Not thinking about the problem, often results in situations where we end up building something which is not needed by the market or building a product for a small market. Without getting to the first 1000 customers and understanding their usage behaviour, it’s difficult to tell if we have product-market fit.
Once you get 1000 people to try out your product and if a sizeable chunk of them continue to use the product beyond a month. You know that you have some kind of product-market fit.
This retention percentage will vary by the industry and the kind of business. For B2B SAAS, the monthly churn is supposed to be low, around ~2%, so that yearly churn is somewhere around 25%. The same number for the consumer market is a lot more lenient. The number is around 65% monthly retention for something like FB. This is an awesome video by YC here.
The first step to acquiring customers is to figure out the exact specifics of who, they are. You are trying to answer some of these questions?
- What are the demographics?
- Where do they live?
- What places do they hangout?
- What is the typical lingo?
A good idea about your user base helps in the next step of reaching out to them. This clarity in terms of the user base is needed to be able to work upon the next step of reaching out to the customer base.
Depending on the feedback and until, product-market fit is achieved, this user base can be iterated upon. As we better understand our user base and likely customer base, the easier it is to build the distribution.
Where do my customer's hangout?
The next step to identify all channels or areas where this user base hangouts. The next step is to present in those areas and just going about doing the raw hustle.
While it depends on where your customer's hang out but there are broadly two categories. Online and Offline. High-end products or services are only present in rich neighbourhoods. Online requires a similar approach and thought process.
Some very popular channels or areas with a community of like-minded people where they are active
- Reddit Community: Lots of homogenous groups of people with similar interest. Tightly controlled by mods and strict community conditions.
- FB Groups: Another popular hangout zone for like-minded people. From real estate search in cities to coupon hunters. Much easier to post and grow.
- Online Forums: Lots of online forums have a similar experience as above and good to reach people.

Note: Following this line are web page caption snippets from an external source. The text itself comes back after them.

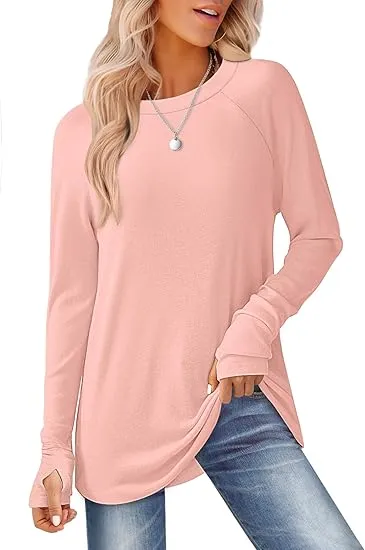 Womens Tunic Tops to Wear with Leggings Long Sleeve Thumb Hole Shirts Crew Neck Curved Hem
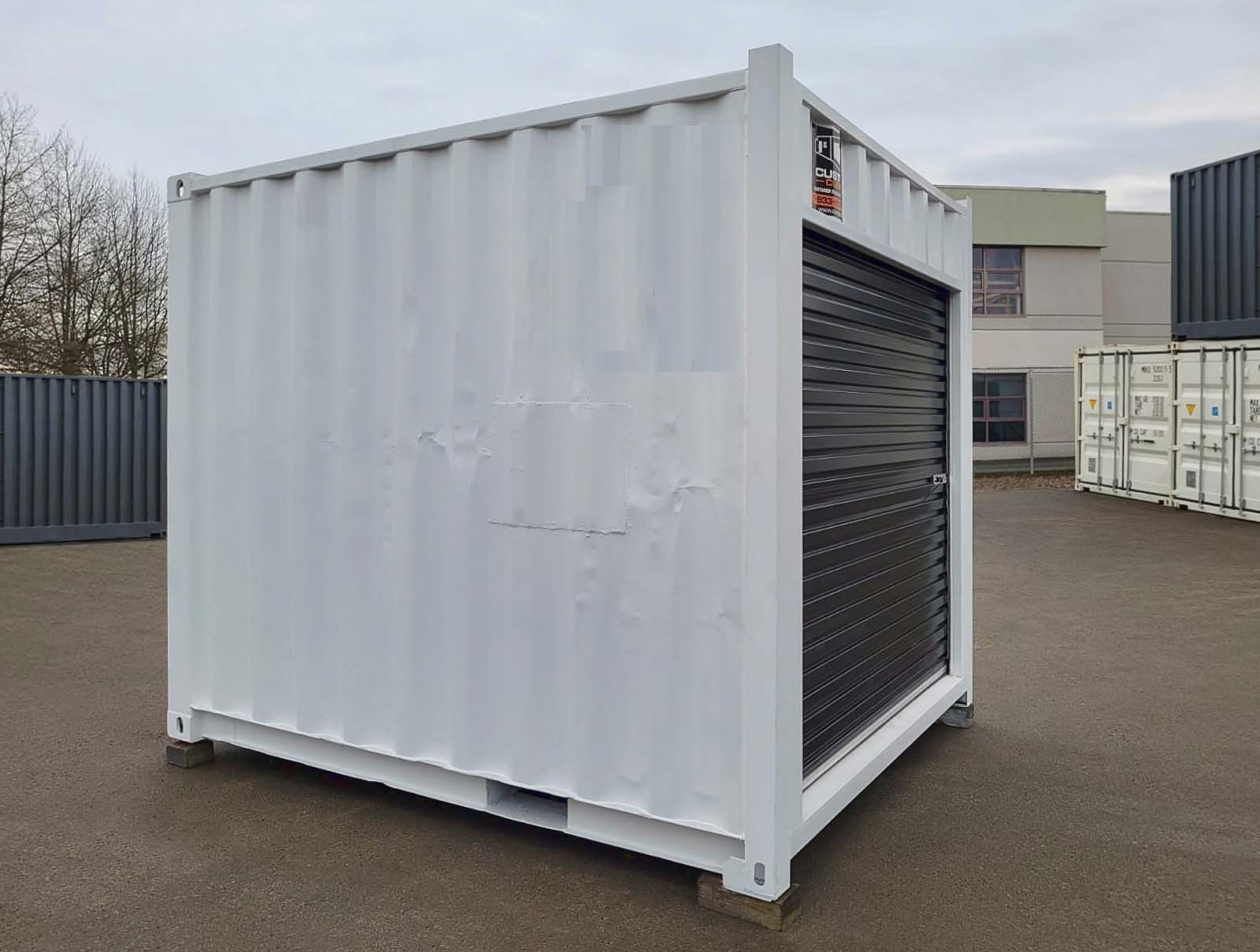 10’ “Cut Down” Used Container + Rollup - Port Shipping Containers
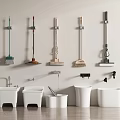 Modern Wall Mounted Mops And White Sanitary Ware Storage Solutions 3d model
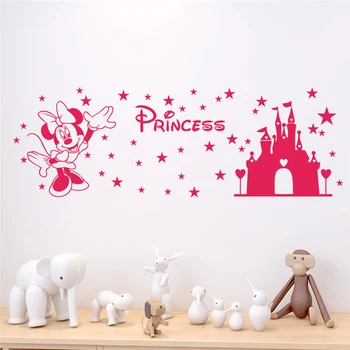 Castelului Disney Minnie Mouse Autocolante De Perete Pentru Camera Copii Dormitor Pentru Copii Accesorii De Decor Acasă De Desene Animate De Perete Decalcomanii De Vinil Tapet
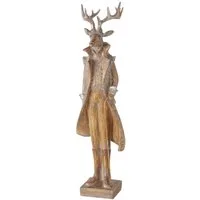 MF Tierfigur Dekofigur XXL Größe Lord Antlers Hirschfigur Braun 62cm Weihnachten (1 St)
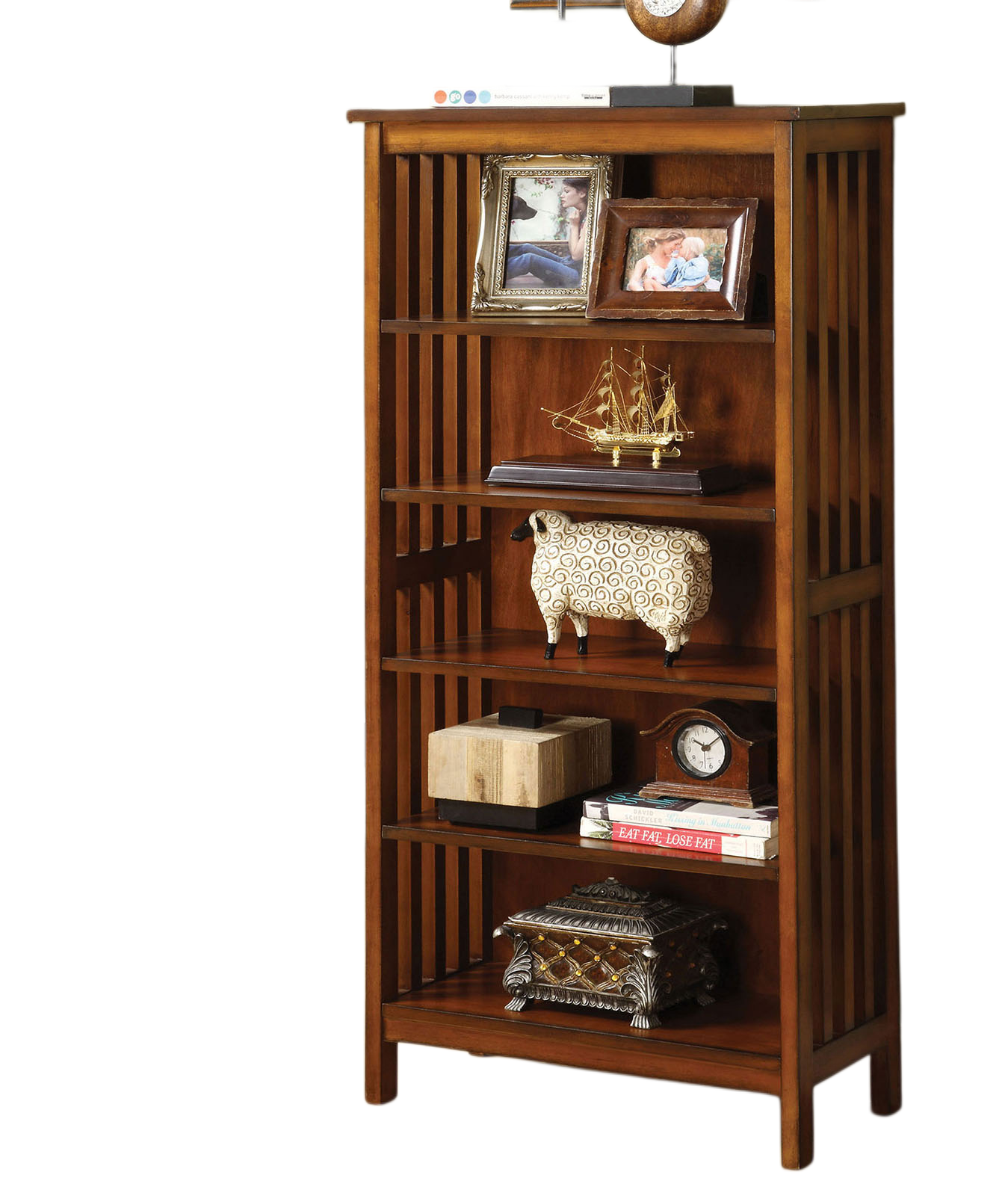 5-Shelf Oak Media Console - Transitional Style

- Twitter: Another place to find early adopters and like-minded people. One of the best platforms for early distribution building.
- Youtube: This is another medium that has a collection of influencers and their cult-like
- Quora: Another Q/A platform and still very popular space to find out answers to some really interesting questions.
Now that we kinda have an idea about who the customer is and where they happen to hang out. Most of these good-quality communities have high moderation which is what makes the community great. Thereby, the approach to reach people has to be more nuanced and paced correctly.
The next step is to figure out a way to reach out to them. Though, we have listed a bunch of communities/forums. It’s not easy to promote or pitch our product/solution.
These are some of the ways to go about building this distribution. In the early days, it’s better to brute force things and doing organic reach. This helps in figuring out what works and also keep an eye on product-market fit.
- Youtube/Blogs: Evangelising part of the equation. This could be self-owned as well as borrowed through partnerships and deals with others. Very useful for deep tech products which need good explanation and context for people to get. Influencer marketing done right can be a huge moat.
- Google/FB Ads: The default way to reach people is to just go after and buy traffic using Ads. But to be done right, this needs a lot more homework. Very easy to burn money without knowing what you are doing. Start small and with a defined CPC to keep tight control and then slowly increase it.
- Email Marketing: Highly effective but a slow process. Emphasises the need to have the emails of your potential customers. Given Amazon SES and other tools, incredibly cheap as well. The big challenge with reputation management. Take time to build the base up. Great way to engage the first 1000 customers
There are other probable ways such as product hunt, PR etc but those are most useful either when targeting dev tools or post-product-market fit.
- Amazon SES + Wrapper: The way to scale emailing operations and cheap is to use. Works out to be $1 for 10,000 mails. This works beyond the first 1000 customers.
- Backend Analytics: Besides the obvious google analytics. Have a backend analytics tracker for users. This will help in prioritising, whom to call.
Lots of hustle required. Multiple channels but figure out which work for you and concentrate on the first 2–3 to get the early base of users. No need to get the marketing system’s productisation done yet.